→ Exercise
Print the entries verbatim, leaving out the images they contain.

[Items from a dataset]
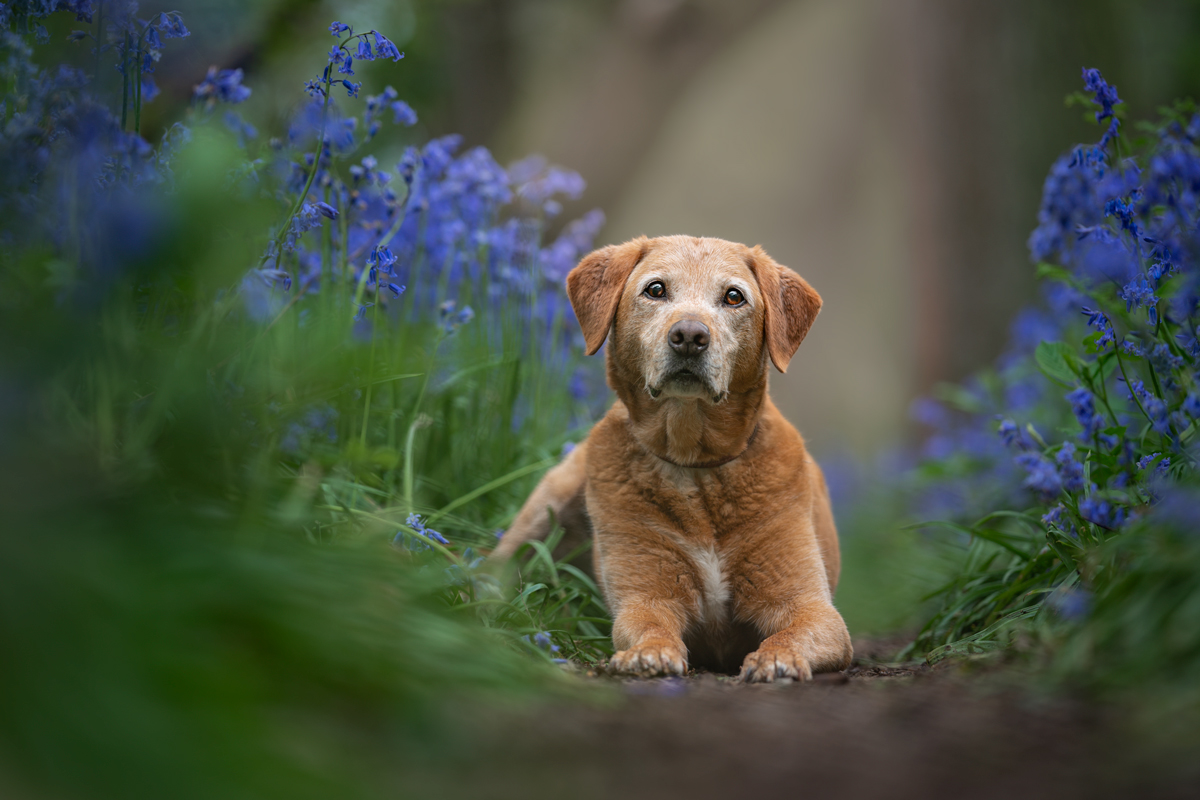 Raffy in the bluebells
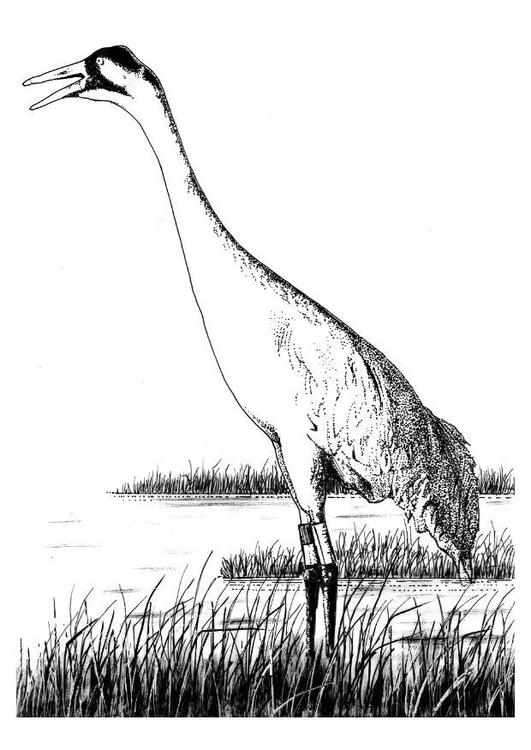 grue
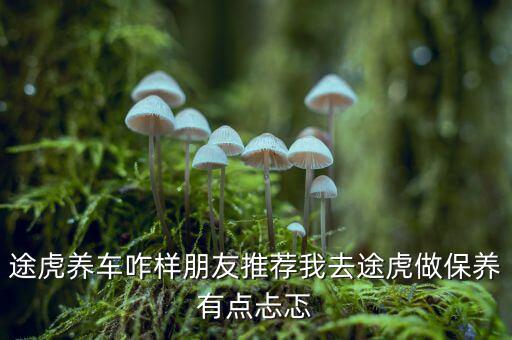途虎养车咋样朋友推荐我去途虎做保养有点忐忑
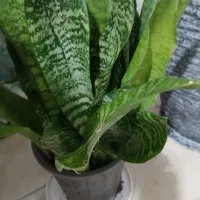 گل سانسوریا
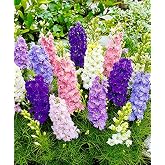 KIRA SEEDS - Seeds Dwarf Larkspur Mix- Low Delphinium - Annual Flowers for Planting - GMO Free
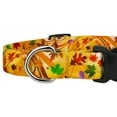 thumbnail image 5 of Country Brook Petz® Autumn Wind Everyday Dog Collar and Leash, Large, 5 of 6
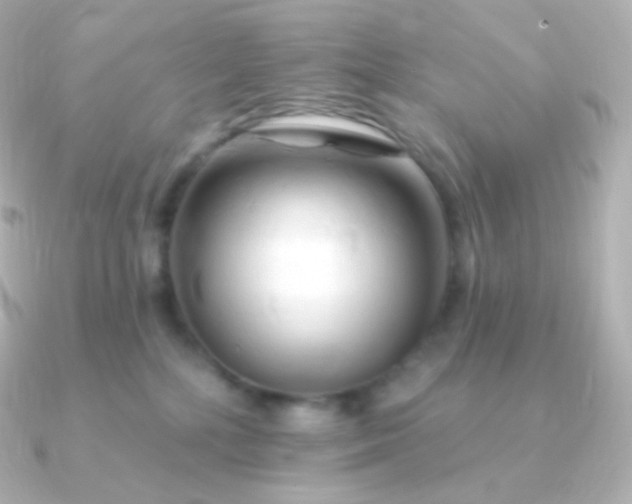 X0000090890232200708101408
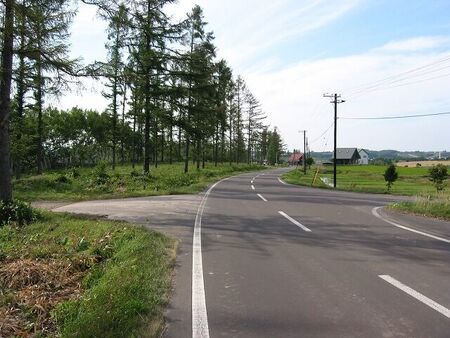 Just a P-day bike ride out to the edge of our Suehiro area on the N.E. side of town.
Jim Dillon
24 Nov 2004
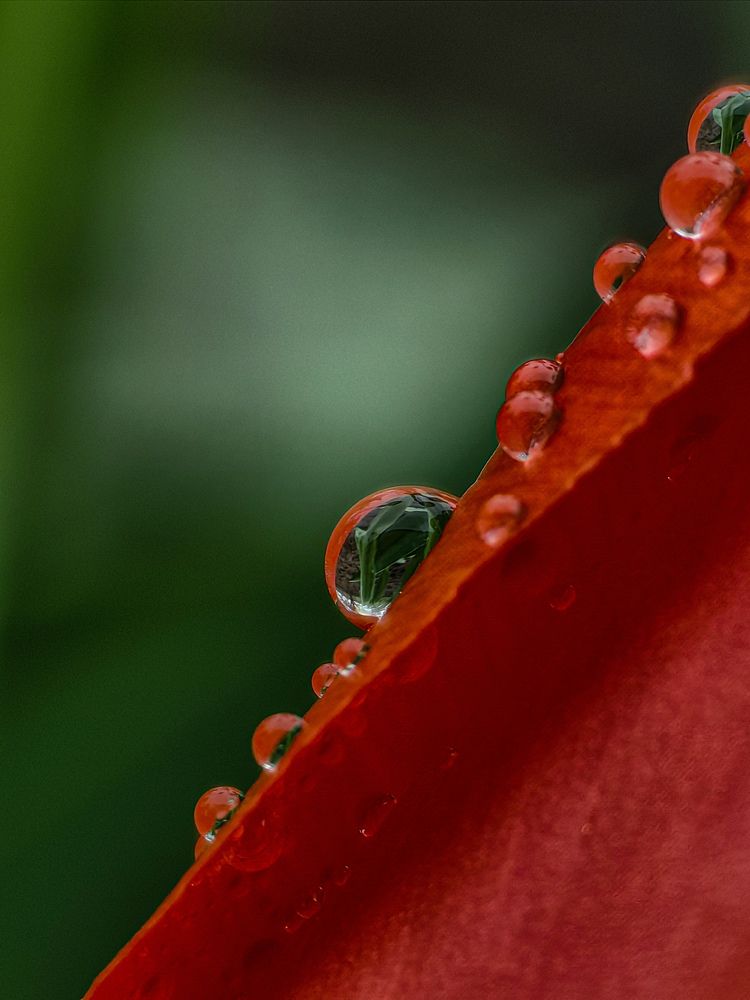 Фотография автора Ольга Панасюк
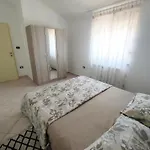 Azalea, Apartmán Umag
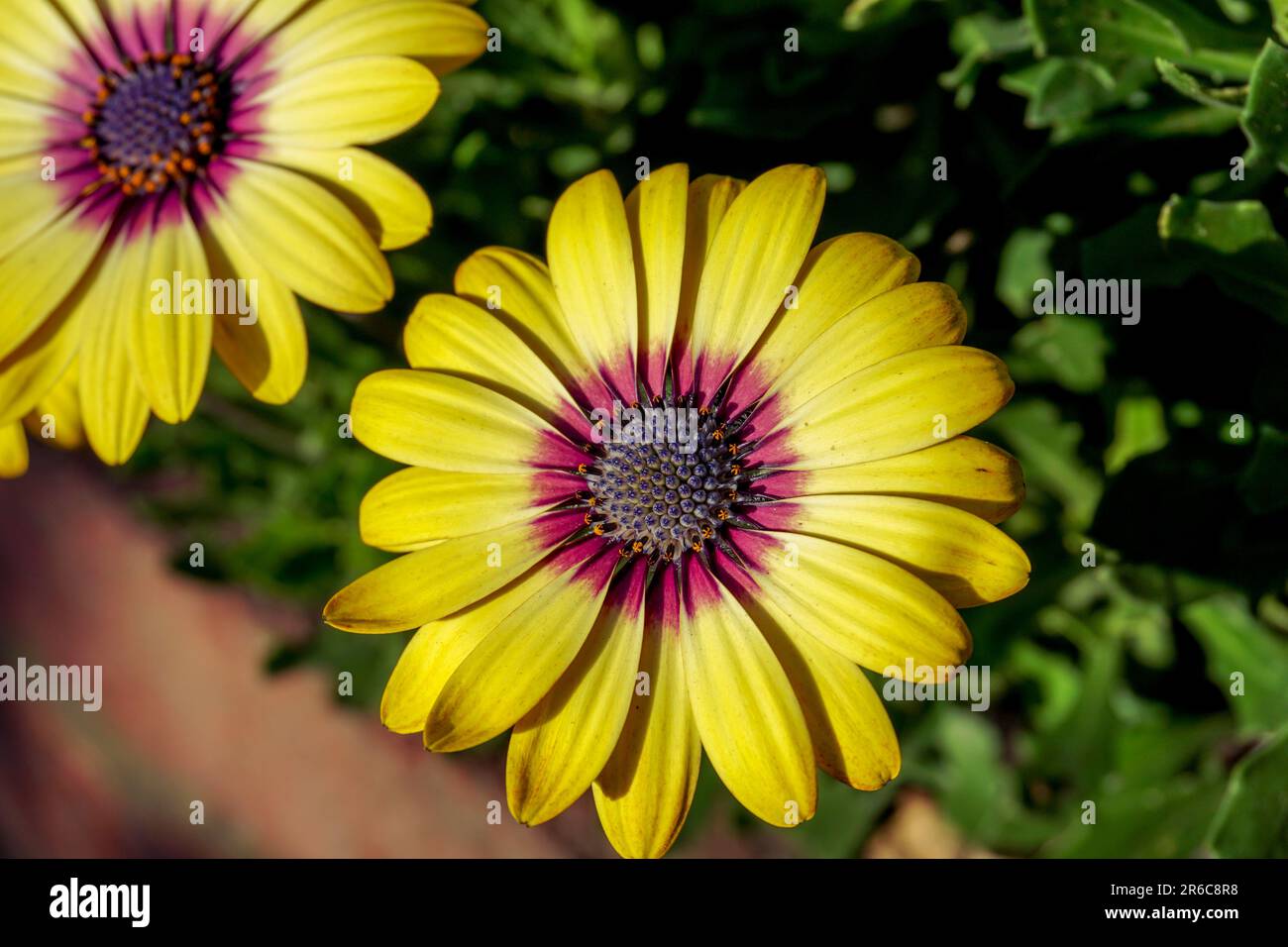 Splendide margherite africane in estate fioriscono. Fiori di margherita di colore giallo e viola in giardino Foto Stock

→ Output of the task
 Raffy in the bluebells
 grue
途虎养车咋样朋友推荐我去途虎做保养有点忐忑
 گل سانسوریا
 KIRA SEEDS - Seeds Dwarf Larkspur Mix- Low Delphinium - Annual Flowers for Planting - GMO Free
 thumbnail image 5 of Country Brook Petz® Autumn Wind Everyday Dog Collar and Leash, Large, 5 of 6
 X0000090890232200708101408
 Just a P-day bike ride out to the edge of our Suehiro area on the N.E. side of town.
Jim Dillon
24 Nov 2004
 Фотография автора Ольга Панасюк
 Azalea, Apartmán Umag
 Splendide margherite africane in estate fioriscono. Fiori di margherita di colore giallo e viola in giardino Foto Stock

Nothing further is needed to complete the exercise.